Based on Hayden’s performance, she was invited to try out for Team U.S. in the Invictus Games.

Athletes will compete in sports like wheelchair basketball and rugby, sitting volleyball, swimming and indoor rowing. The winter edition also includes events on ice and snow like Alpine skiing, biathlon, nordic skiing, snowboarding, skeleton and wheelchair curling. Like the Paralympics, athletes compete in divisions based on how much use they have of their arms, legs and eyesight.

When the Invictus Games application asked about winter sports experience, Hayden marked “skiing” – even though she’d only spent two days on skis.

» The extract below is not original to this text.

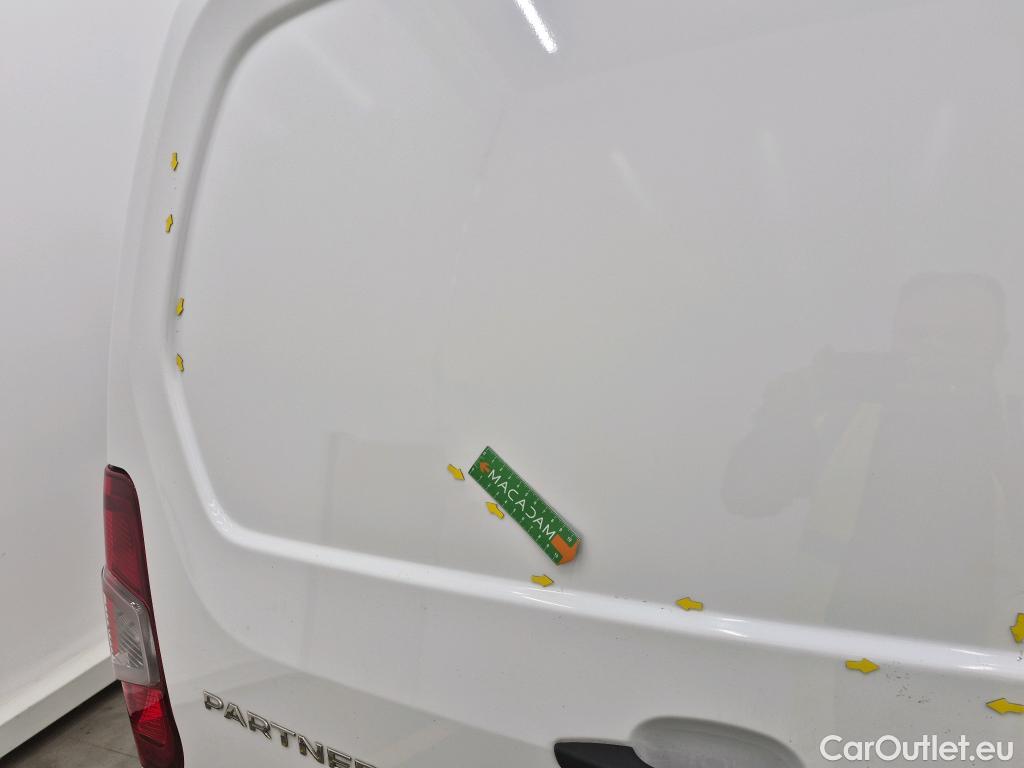  Peugeot  Partner  Premium L2 1.5 HDi 100CV BVM5 E6dT #39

She attended Team U.S. training camps in Park City, Utah, and Lake Placid, New York, but the rest is self-coached and self-funded. While Oakley donated helmets and goggles, she’s still training on a secondhand pair of skis and boots from a Seattle ski swap.

Just weeks before hitting the slopes at Whistler in pursuit of gold, Hayden was fine-tuning new concepts like upper- and lower-body separation to make for smoother, faster turns through the race gates.

As the on-snow day wrapped, her instructor, a former Australian special forces soldier eager to help a fellow service member, offered up an adage from his old unit: “Train hard, fight easy.”